(Records for processing)
________________
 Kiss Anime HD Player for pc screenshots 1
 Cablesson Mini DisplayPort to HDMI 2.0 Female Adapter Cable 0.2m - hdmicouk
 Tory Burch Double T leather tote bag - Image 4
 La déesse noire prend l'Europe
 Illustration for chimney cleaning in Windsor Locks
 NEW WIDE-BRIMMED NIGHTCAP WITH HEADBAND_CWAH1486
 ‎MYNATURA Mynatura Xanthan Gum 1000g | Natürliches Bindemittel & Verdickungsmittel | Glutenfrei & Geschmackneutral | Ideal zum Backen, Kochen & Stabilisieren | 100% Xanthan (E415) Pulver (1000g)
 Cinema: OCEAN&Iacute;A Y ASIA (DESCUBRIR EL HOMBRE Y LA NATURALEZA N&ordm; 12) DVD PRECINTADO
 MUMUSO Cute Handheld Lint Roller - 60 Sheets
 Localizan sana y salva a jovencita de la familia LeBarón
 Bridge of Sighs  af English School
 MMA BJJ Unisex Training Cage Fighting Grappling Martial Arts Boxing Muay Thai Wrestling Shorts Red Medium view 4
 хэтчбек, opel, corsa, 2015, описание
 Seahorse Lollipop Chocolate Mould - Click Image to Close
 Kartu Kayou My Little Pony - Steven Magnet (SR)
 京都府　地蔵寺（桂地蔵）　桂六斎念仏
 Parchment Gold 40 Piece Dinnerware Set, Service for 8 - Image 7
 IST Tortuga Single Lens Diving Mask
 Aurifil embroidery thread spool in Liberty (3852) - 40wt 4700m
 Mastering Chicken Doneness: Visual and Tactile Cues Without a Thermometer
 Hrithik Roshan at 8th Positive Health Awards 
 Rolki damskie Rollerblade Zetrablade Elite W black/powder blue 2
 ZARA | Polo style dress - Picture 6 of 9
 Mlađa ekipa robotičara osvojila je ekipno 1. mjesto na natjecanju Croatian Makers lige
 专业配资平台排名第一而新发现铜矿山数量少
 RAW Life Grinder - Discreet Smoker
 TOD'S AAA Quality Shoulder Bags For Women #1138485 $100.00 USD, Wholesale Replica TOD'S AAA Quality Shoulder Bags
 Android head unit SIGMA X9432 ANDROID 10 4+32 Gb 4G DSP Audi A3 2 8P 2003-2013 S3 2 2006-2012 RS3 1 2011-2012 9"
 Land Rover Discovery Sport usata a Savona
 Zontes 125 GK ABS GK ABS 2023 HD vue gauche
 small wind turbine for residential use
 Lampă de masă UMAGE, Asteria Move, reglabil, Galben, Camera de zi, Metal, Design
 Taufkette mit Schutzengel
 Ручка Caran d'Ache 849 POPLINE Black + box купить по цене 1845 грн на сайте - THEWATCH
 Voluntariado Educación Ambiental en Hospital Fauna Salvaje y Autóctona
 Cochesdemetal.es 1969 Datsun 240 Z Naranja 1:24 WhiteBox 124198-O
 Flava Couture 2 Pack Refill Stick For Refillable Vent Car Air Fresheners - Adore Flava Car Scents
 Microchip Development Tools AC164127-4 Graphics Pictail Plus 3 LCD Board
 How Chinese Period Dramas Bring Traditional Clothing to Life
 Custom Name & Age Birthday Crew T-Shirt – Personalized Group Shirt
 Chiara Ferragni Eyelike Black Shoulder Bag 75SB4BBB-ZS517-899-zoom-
________________
(What this task involves)
Each line above should be duplicated without any alteration.

(Solution for this exercise)
 Kiss Anime HD Player for pc screenshots 1
 Cablesson Mini DisplayPort to HDMI 2.0 Female Adapter Cable 0.2m - hdmicouk
 Tory Burch Double T leather tote bag - Image 4
 La déesse noire prend l'Europe
 Illustration for chimney cleaning in Windsor Locks
 NEW WIDE-BRIMMED NIGHTCAP WITH HEADBAND_CWAH1486
 ‎MYNATURA Mynatura Xanthan Gum 1000g | Natürliches Bindemittel & Verdickungsmittel | Glutenfrei & Geschmackneutral | Ideal zum Backen, Kochen & Stabilisieren | 100% Xanthan (E415) Pulver (1000g)
 Cinema: OCEAN&Iacute;A Y ASIA (DESCUBRIR EL HOMBRE Y LA NATURALEZA N&ordm; 12) DVD PRECINTADO
 MUMUSO Cute Handheld Lint Roller - 60 Sheets
 Localizan sana y salva a jovencita de la familia LeBarón
 Bridge of Sighs  af English School
 MMA BJJ Unisex Training Cage Fighting Grappling Martial Arts Boxing Muay Thai Wrestling Shorts Red Medium view 4
 хэтчбек, opel, corsa, 2015, описание
 Seahorse Lollipop Chocolate Mould - Click Image to Close
 Kartu Kayou My Little Pony - Steven Magnet (SR)
 京都府　地蔵寺（桂地蔵）　桂六斎念仏
 Parchment Gold 40 Piece Dinnerware Set, Service for 8 - Image 7
 IST Tortuga Single Lens Diving Mask
 Aurifil embroidery thread spool in Liberty (3852) - 40wt 4700m
 Mastering Chicken Doneness: Visual and Tactile Cues Without a Thermometer
 Hrithik Roshan at 8th Positive Health Awards 
 Rolki damskie Rollerblade Zetrablade Elite W black/powder blue 2
 ZARA | Polo style dress - Picture 6 of 9
 Mlađa ekipa robotičara osvojila je ekipno 1. mjesto na natjecanju Croatian Makers lige
 专业配资平台排名第一而新发现铜矿山数量少
 RAW Life Grinder - Discreet Smoker
 TOD'S AAA Quality Shoulder Bags For Women #1138485 $100.00 USD, Wholesale Replica TOD'S AAA Quality Shoulder Bags
 Android head unit SIGMA X9432 ANDROID 10 4+32 Gb 4G DSP Audi A3 2 8P 2003-2013 S3 2 2006-2012 RS3 1 2011-2012 9"
 Land Rover Discovery Sport usata a Savona
 Zontes 125 GK ABS GK ABS 2023 HD vue gauche
 small wind turbine for residential use
 Lampă de masă UMAGE, Asteria Move, reglabil, Galben, Camera de zi, Metal, Design
 Taufkette mit Schutzengel
 Ручка Caran d'Ache 849 POPLINE Black + box купить по цене 1845 грн на сайте - THEWATCH
 Voluntariado Educación Ambiental en Hospital Fauna Salvaje y Autóctona
 Cochesdemetal.es 1969 Datsun 240 Z Naranja 1:24 WhiteBox 124198-O
 Flava Couture 2 Pack Refill Stick For Refillable Vent Car Air Fresheners - Adore Flava Car Scents
 Microchip Development Tools AC164127-4 Graphics Pictail Plus 3 LCD Board
 How Chinese Period Dramas Bring Traditional Clothing to Life
 Custom Name & Age Birthday Crew T-Shirt – Personalized Group Shirt
 Chiara Ferragni Eyelike Black Shoulder Bag 75SB4BBB-ZS517-899-zoom-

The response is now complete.